» TO DO
Would you output the listing exactly, with every image omitted?

» RECORDS SHOWN

┄┄┄┄┄┄┄┄┄┄

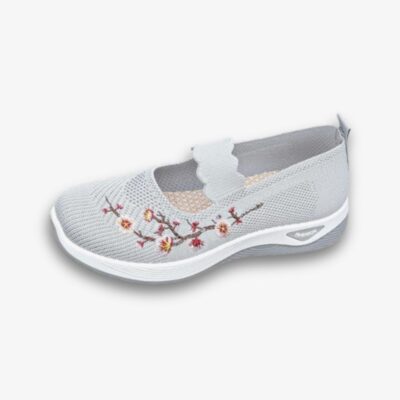 Mocassins en maille respirante tricotée avec broderie fleurie grise, sur fond gris très clair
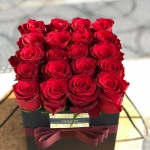 باقات حمراء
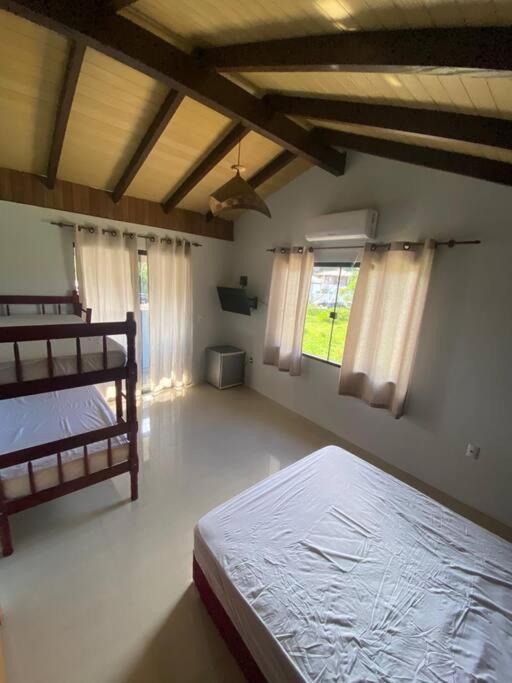Casa Mamore Praia De Zimbros بومبينهاس المظهر الخارجي الصورة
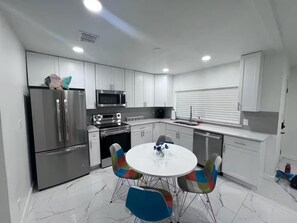 Private kitchen - The Ocean's Cove - Free Parking (Orlando)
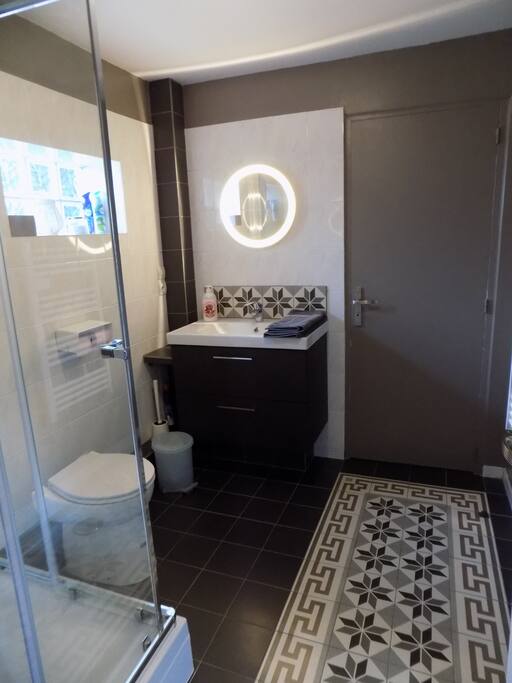Salle de bain refaite à neuf récemment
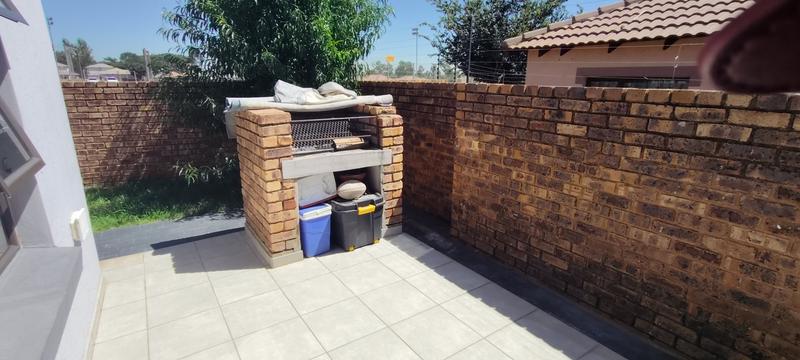 3 Bedroom Property for Sale in Chantelle Gauteng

┄┄┄┄┄┄┄┄┄┄

» SOLUTION
 Mocassins en maille respirante tricotée avec broderie fleurie grise, sur fond gris très clair
 باقات حمراء
Casa Mamore Praia De Zimbros بومبينهاس المظهر الخارجي الصورة
 Private kitchen - The Ocean's Cove - Free Parking (Orlando)
Salle de bain refaite à neuf récemment
 3 Bedroom Property for Sale in Chantelle Gauteng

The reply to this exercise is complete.